Francis Akhalbey Dec 24, 2020 at 08:00am

December 24, 2020 at 08:00 am | News

Francis Akhalbey

Francis Akhalbey | Content Manager

December 24, 2020 at 08:00 am | News

Ethiopia has successfully launched its second satellite into space -- Photo Credit: Africanews.space

The Deputy General Director of Ethiopia Space Science and Technology Institute (ESSTI), Yishrun Alemayehu, confirmed the Horn of Africa nation successfully launched its second Chinese-backed satellite into space on Tuesday, Xinhua News Agency confirmed.

Named ET-Smart-RSS, the satellite, which was blasted into orbit from the China Wenchang spacecraft launch site, is equipped with highly advanced resolutions and has the capabilities to capture much clearer pictures, Alemayehu said.

“Preliminary design was conducted in Ethiopia, while detailed and technical works were undertaken in collaboration with Chinese experts in China through zooming and other platforms,” he told state-owned newspaper, the Ethiopian Herald. “The 8.9 kilograms nano satellite is a great achievement of Ethiopia in a number of ways. The institute will keep on working to further strengthen the effort in technology transfer and human development.”

Alemayehu also said the government of China paid about $1.5 million in manufacturing costs. The Horn of Africa nation successfully launched its first-ever satellite – the ETRSS-1 – into space in December 2019 in what the country’s space exploration chief said he hoped marked a new dawn in space technology opportunities in the country at the time.

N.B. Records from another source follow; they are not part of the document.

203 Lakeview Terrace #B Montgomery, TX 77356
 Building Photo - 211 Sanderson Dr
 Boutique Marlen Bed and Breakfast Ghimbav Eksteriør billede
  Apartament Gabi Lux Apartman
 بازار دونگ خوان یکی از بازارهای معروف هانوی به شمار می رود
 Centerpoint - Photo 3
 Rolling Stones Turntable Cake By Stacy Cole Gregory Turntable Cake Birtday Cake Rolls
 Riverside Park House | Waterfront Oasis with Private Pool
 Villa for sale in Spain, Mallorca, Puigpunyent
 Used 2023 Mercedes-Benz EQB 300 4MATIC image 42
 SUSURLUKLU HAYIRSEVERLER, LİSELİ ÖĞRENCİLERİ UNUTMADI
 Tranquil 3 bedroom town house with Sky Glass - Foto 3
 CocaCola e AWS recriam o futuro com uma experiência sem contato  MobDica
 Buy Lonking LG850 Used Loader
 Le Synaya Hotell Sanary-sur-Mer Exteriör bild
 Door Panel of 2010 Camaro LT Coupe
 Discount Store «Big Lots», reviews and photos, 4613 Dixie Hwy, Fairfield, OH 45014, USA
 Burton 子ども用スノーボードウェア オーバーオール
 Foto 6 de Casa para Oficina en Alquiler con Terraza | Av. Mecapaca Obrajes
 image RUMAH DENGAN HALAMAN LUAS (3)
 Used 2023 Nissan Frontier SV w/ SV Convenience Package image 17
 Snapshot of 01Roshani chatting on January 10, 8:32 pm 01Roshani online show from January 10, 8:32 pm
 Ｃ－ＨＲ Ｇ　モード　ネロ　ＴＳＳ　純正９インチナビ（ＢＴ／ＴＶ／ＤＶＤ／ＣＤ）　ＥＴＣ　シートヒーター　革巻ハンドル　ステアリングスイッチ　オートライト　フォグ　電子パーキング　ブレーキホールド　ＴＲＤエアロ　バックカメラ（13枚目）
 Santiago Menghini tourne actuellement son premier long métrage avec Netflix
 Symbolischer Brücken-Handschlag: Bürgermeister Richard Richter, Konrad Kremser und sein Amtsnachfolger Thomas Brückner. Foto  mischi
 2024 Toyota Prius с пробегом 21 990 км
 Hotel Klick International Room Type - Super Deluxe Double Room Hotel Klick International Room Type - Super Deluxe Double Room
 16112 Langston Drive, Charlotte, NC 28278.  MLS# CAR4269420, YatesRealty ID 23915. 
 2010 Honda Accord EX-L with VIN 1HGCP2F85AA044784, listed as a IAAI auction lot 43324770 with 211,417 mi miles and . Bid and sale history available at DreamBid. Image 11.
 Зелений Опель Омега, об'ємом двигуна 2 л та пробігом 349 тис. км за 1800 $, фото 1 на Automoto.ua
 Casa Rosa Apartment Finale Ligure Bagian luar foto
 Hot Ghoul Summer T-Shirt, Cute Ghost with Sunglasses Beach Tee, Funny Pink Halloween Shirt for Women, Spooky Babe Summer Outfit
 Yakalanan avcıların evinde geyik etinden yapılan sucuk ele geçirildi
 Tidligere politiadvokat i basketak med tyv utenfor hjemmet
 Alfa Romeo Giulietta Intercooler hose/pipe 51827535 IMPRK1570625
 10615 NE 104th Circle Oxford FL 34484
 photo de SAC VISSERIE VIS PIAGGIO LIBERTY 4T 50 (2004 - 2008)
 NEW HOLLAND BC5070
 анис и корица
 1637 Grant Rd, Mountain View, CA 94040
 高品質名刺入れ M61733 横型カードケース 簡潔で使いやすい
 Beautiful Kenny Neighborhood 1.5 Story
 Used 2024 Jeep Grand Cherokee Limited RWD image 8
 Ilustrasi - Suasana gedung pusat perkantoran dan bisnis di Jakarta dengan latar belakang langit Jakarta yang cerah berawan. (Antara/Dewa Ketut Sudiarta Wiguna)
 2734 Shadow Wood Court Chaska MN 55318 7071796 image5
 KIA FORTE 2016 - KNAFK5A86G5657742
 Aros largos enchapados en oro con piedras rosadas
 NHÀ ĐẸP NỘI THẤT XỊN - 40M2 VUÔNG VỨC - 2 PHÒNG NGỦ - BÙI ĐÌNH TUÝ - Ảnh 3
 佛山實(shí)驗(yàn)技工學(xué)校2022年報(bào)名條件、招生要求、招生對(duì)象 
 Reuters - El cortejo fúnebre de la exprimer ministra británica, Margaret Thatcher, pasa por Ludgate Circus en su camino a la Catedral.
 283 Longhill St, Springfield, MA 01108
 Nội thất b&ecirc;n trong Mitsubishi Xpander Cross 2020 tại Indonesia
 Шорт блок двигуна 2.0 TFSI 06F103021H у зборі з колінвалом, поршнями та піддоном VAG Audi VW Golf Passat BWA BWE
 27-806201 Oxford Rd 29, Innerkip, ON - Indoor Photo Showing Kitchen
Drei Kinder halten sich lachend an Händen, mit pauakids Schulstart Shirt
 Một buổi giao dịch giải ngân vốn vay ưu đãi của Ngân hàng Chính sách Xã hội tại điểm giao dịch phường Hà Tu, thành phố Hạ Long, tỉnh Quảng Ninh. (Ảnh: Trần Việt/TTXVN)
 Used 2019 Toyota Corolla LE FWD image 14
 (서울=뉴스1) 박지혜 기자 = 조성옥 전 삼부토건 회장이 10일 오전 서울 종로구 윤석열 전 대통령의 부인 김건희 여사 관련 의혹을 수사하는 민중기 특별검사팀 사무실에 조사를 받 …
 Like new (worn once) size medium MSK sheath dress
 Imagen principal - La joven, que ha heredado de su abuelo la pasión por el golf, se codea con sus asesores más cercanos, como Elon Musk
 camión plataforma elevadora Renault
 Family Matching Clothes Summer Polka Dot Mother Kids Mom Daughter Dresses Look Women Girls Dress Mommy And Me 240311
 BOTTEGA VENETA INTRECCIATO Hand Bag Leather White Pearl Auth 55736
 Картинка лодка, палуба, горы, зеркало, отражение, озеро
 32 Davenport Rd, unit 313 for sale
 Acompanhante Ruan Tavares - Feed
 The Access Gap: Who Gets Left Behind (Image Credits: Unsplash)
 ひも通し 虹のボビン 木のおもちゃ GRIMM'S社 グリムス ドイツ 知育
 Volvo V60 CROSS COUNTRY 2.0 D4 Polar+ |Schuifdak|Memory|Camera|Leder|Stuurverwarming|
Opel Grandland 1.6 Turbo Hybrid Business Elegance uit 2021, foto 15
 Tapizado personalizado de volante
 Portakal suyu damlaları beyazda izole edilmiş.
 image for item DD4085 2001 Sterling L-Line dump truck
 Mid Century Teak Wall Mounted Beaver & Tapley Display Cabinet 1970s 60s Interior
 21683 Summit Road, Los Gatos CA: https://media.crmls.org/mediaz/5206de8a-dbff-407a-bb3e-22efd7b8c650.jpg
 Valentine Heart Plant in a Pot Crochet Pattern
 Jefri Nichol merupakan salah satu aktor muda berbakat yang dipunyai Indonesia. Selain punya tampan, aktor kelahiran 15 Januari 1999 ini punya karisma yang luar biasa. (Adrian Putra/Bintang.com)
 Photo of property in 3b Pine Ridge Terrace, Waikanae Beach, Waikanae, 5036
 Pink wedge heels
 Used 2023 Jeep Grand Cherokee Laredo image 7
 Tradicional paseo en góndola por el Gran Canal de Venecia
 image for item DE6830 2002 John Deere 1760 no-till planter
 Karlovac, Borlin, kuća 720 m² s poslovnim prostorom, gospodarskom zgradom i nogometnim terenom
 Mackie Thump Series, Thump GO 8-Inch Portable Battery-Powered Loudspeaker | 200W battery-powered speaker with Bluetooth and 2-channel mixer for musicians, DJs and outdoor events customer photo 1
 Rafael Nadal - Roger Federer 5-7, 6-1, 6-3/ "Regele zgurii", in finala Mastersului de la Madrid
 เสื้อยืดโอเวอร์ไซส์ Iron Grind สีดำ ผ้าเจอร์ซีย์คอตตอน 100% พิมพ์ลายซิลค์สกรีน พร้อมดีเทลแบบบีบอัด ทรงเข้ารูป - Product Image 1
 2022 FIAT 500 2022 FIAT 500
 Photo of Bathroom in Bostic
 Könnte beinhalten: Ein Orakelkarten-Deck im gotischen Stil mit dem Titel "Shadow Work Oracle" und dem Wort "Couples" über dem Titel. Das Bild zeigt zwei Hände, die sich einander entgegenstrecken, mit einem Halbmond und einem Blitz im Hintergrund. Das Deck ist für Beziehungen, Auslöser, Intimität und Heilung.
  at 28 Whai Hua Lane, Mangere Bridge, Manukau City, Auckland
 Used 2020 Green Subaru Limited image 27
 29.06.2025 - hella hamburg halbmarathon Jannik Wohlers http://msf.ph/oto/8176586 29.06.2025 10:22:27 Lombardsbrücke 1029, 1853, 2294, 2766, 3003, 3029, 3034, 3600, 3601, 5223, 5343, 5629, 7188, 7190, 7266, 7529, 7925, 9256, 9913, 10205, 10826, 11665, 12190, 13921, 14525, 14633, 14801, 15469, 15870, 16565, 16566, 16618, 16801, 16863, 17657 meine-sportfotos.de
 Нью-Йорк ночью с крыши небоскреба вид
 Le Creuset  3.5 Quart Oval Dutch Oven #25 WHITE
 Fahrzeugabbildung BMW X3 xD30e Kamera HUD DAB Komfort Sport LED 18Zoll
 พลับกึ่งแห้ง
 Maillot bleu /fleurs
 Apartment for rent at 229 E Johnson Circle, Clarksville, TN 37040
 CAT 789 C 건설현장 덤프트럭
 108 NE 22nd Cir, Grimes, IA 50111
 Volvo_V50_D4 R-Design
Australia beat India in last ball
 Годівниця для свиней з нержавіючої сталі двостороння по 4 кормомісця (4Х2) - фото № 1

The 72-kg multi-spectral satellite, which was also designed by both Chinese and Ethiopian engineers and is reportedly 700km from the earth, uses a remote sensing microsatellite to monitor weather patterns resources and to forecast the weather for the purposes of better agricultural planning, drought early warning, mining activities and forestry management, Xinhua News Agency reported.

Speaking to Reuters after the first launch, the head of the Ethiopian Space Science and Technology Institute, Solomon Belay, said he believes the satellite spells new opportunities for the East African powerhouse.

“Space is food, space is job creation, a tool for technology… sovereignty, to reduce poverty, everything for Ethiopian to achieve universal and sustainable development,” Belay said.

The Chinese government also sponsored about $6 million of the over $7 million project. Ethiopia plans to launch 15 satellites between the next 10-15 years.

The African Union has encouraged more African countries to look into the opportunities space technology provides for environmental and economic benefits.